Casas senhoriais, quintas, palácios, teatros, conventos, hotéis. Parques aquáticos, fábricas, sanatórios, restaurantes e igrejas. Foi há exatamente quatro anos que Gonçalo Gouveia começou a fotografar locais abandonados, e desde então nunca mais parou — 420 lugares depois, tornou-se numa referência a fotografar estes sítios. Aos 38 anos, o lisboeta é informático de segunda a sexta-feira, mas os fins de semanas e férias são passados a descobrir locais abandonados com a máquina fotográfica na mão.

Já foi descoberto por seguranças, teve conversas menos simpáticas com proprietários e quase viu o carro destruído. Mas no final ficou tudo bem. No meio de tantas aventuras, também mudou a vida de uma família cabo-verdiana, fez grandes amigos e viajou só para fotografar sítios abandonados.

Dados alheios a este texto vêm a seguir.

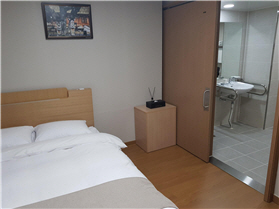 노약자 이용가능 객실 내부2 사진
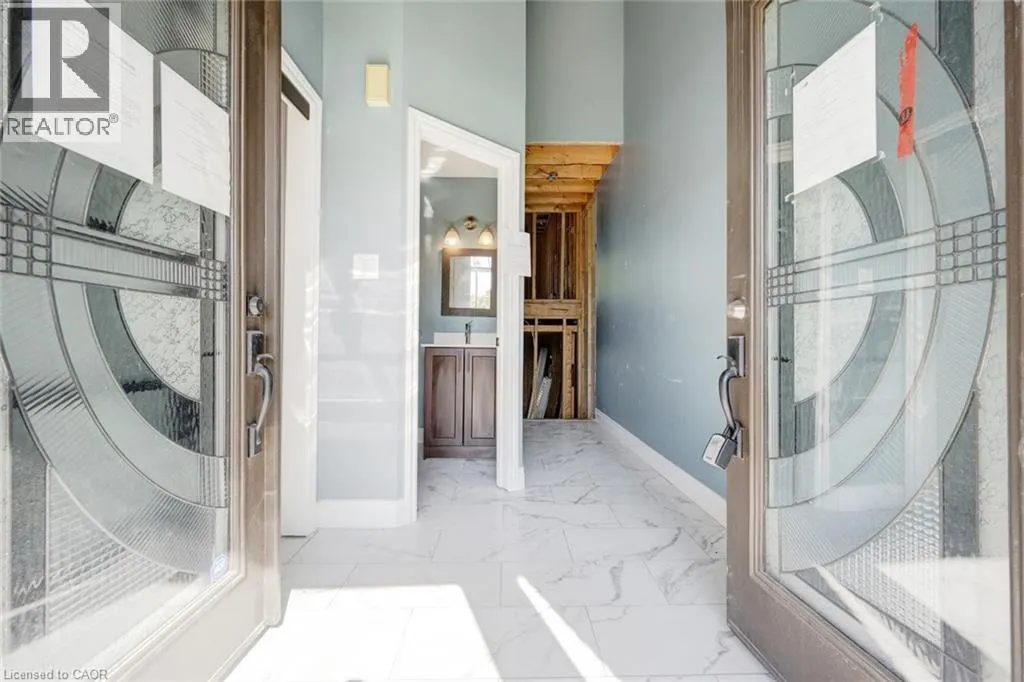 6544 OPERA GLASS Crescent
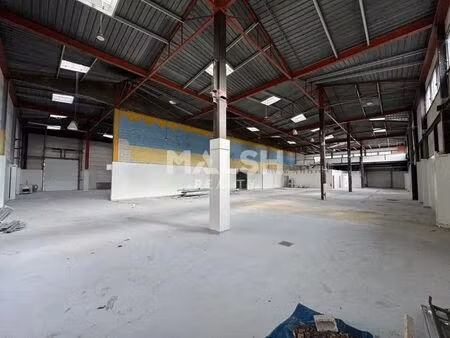 location local d’activités saint etienne 42000 1121m²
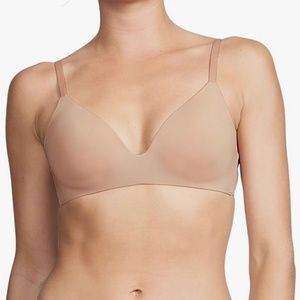 (TWO) Victoria’ Secret (THE T-SHIRT) Lightly-Lined Wireless Bra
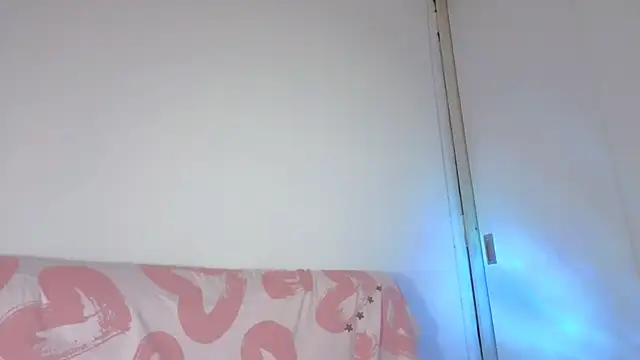 Melanie-Roberts online show from April 6, 4:46 am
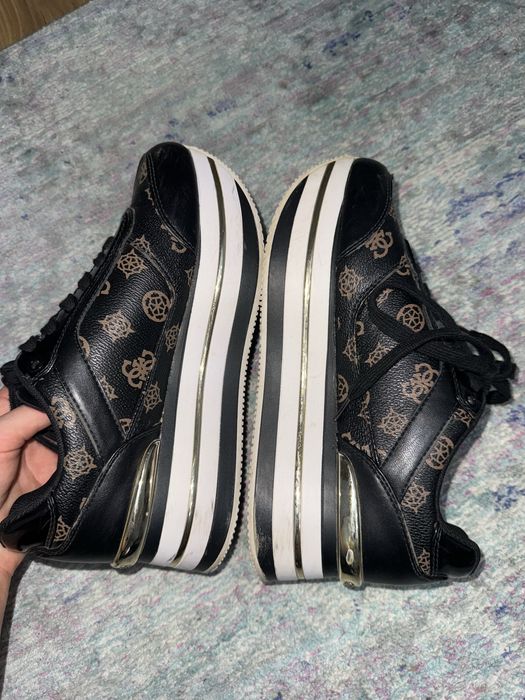 Adidași Dama Guess marimea 39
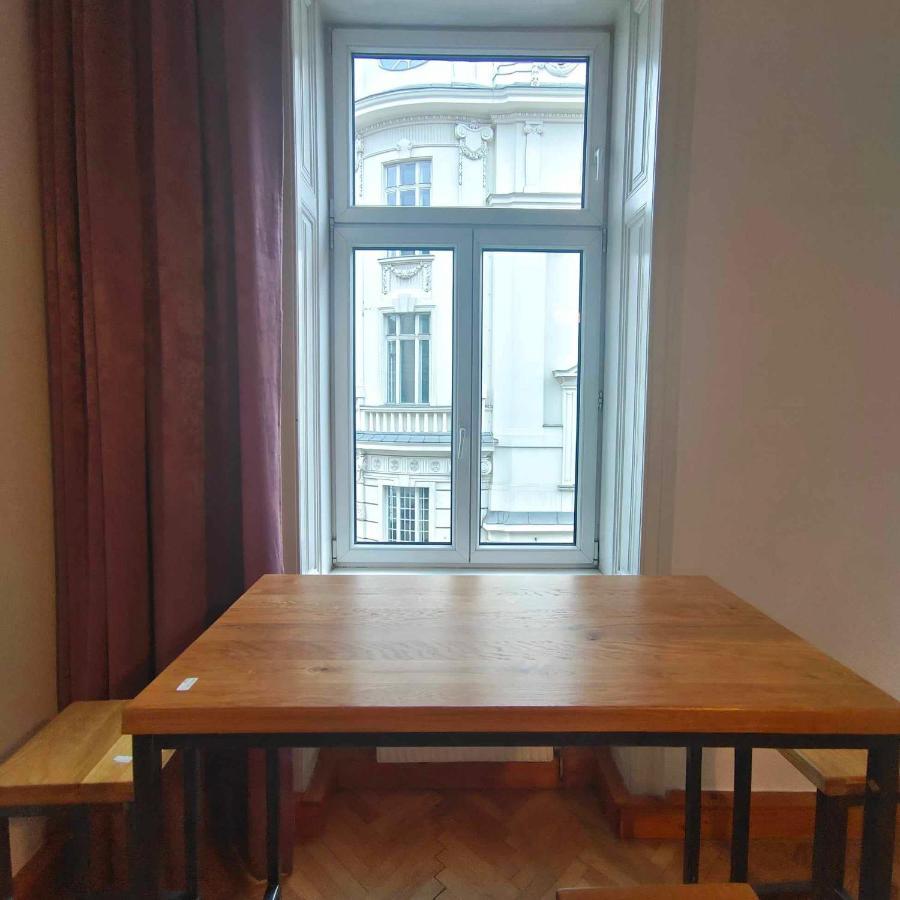 Large 4 In The Center Of * Wien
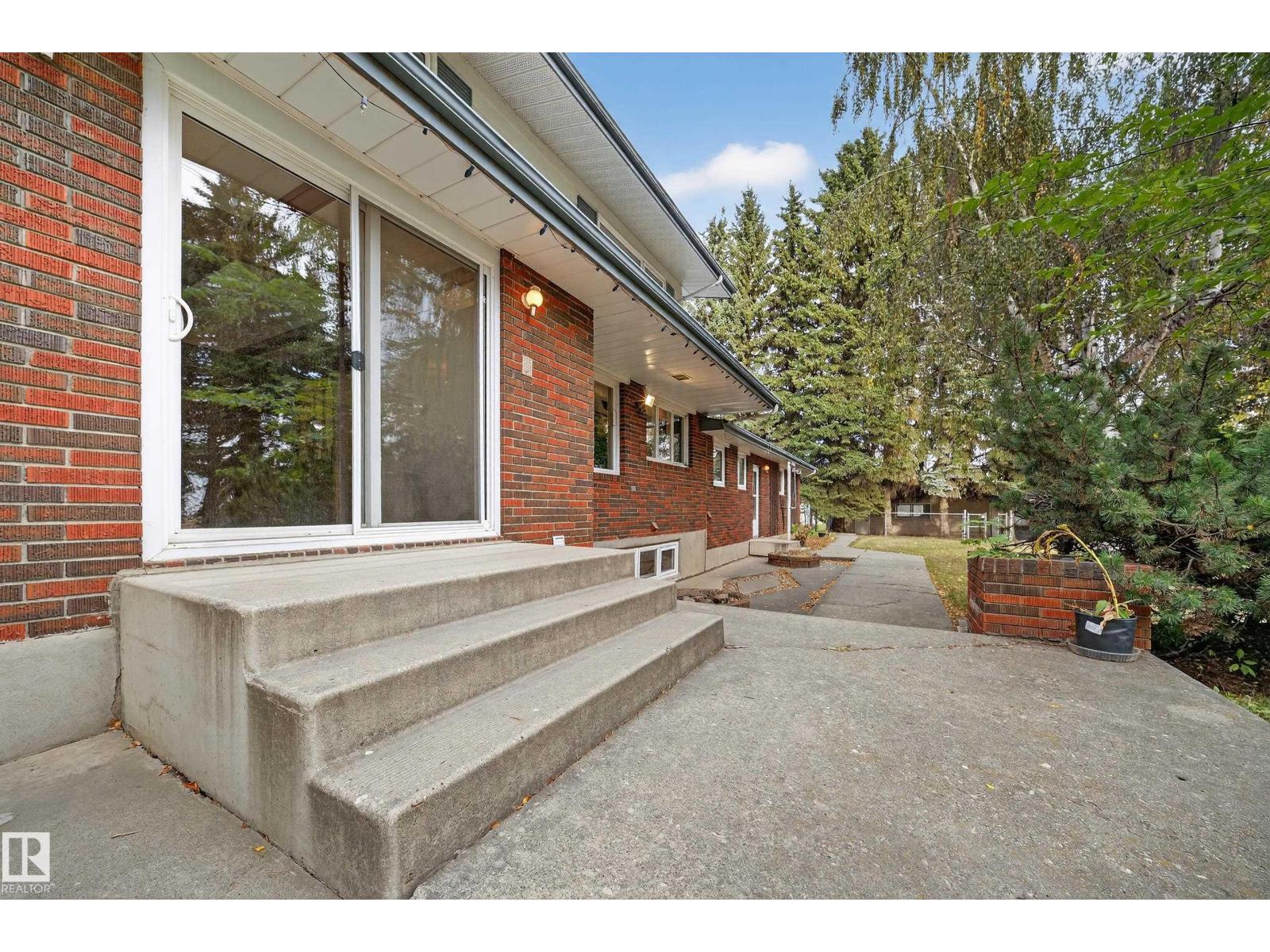 707 65 AV NW - 68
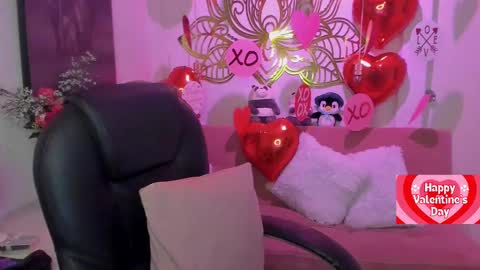 Snapshot of marianalopez81 chatting on 02-16-25, 03:37 Mariana Lopez online show from 02-16-25, 03:37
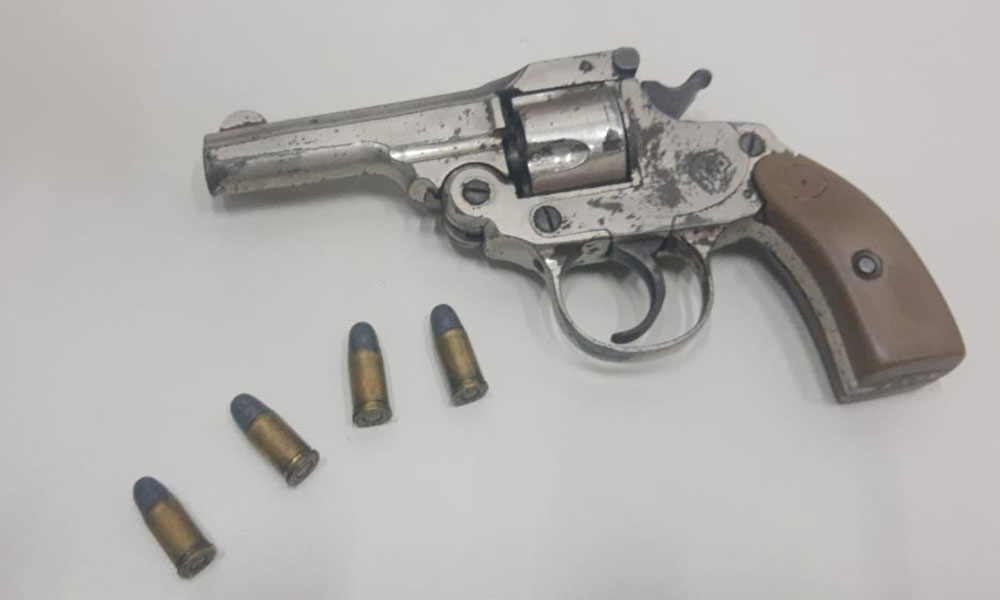 Homem é preso com arma de fogo durante cumprimento de mandado em Macaúbas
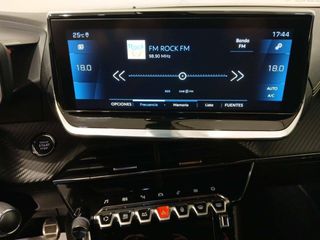 Peugeot 2008   Puretech 130 S&S BVM6 GT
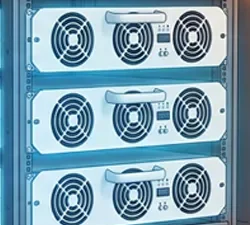 Módulos de potência instalados em um rack, com brilho azul de refrigeração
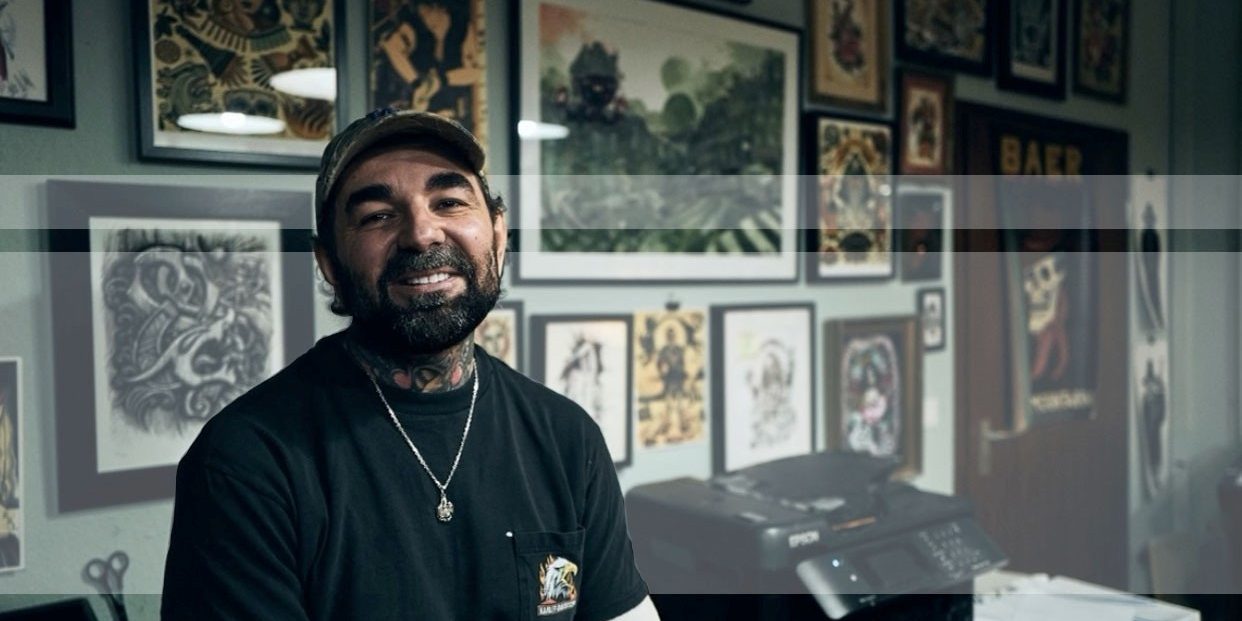 Jakub Settgast Tattoo Fineline Tattoo Hamburg – Jakub Settgast im Black Hole Tattoo Jakub Settgast tätowiert ein Fineline Tattoo im Black Hole Tattoo Hamburg-Altona.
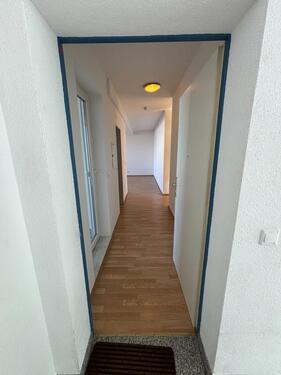 Foto - Juwel mit Panoramablick: 3-Zimmer-Wohnung mit XXL-Winterg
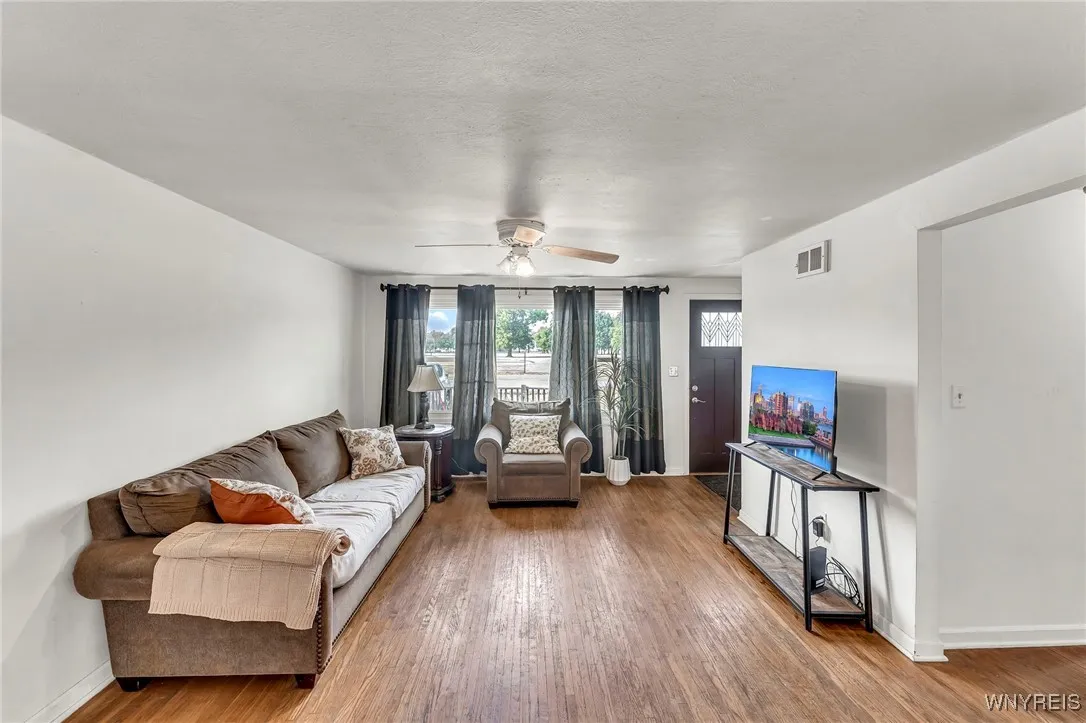302 Midland Avenue, Tonawanda, New York 14223, Tonawanda, New York 14223, 3 Bedrooms Bedrooms, 5 Rooms Rooms,1 BathroomBathrooms,Residential,For Sale,302 Midland Avenue, Tonawanda, New York 14223,B1622288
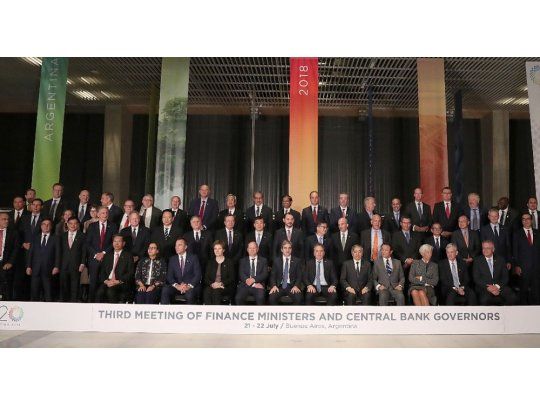 Tensiones comerciales y acuerdo con el FMI dominan la cumbre de las principales autoridades económicas del mundo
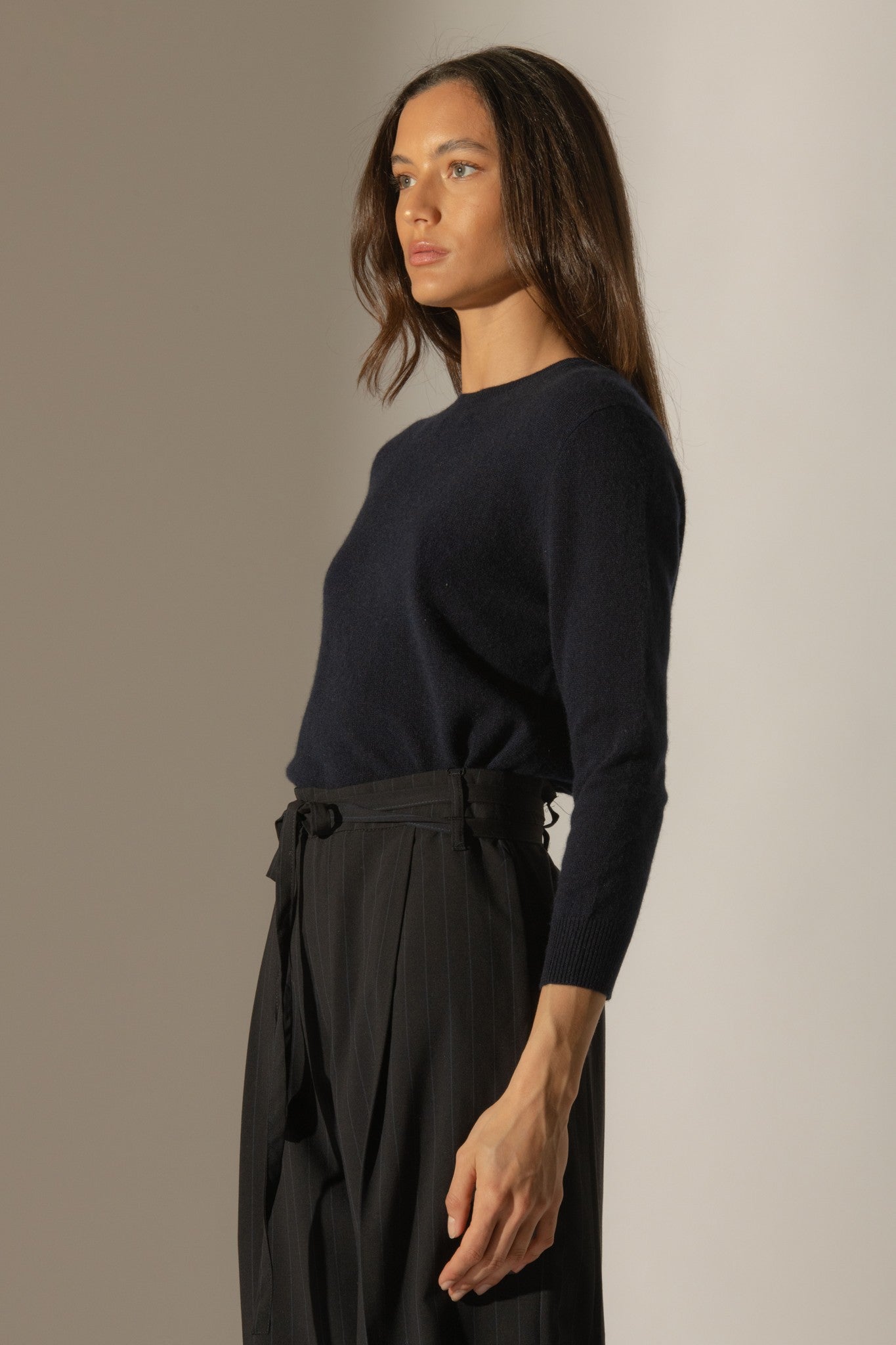 vanessa pull col rond boutonné dos navy 100% cachemire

Quando é que começou a fotografar este tipo de locais?
Estávamos em abril de 2014. Na altura, descobri através do Facebook o blogue do Gastão Brito e Silva, o Ruin'Arte. Abri a página e vi aquelas fotografias todas de locais abandonados. Ele era uma referência em Portugal, e fiquei fascinado com a qualidade das suas fotos e das casas abandonados. Ainda nesse mês, desafiei o meu primo que estava cá (ele é brasileiro) a ir ver umas casas abandonadas comigo. Tirámos alguns locais abandonados do blogue do Gastão e lá fomos nós.

Já fotografava antes?
Não, só a "brincar". Fotografias casuais, nada de especial. Desde que entrei nos abandonados é que comecei a fotografar mais a sério.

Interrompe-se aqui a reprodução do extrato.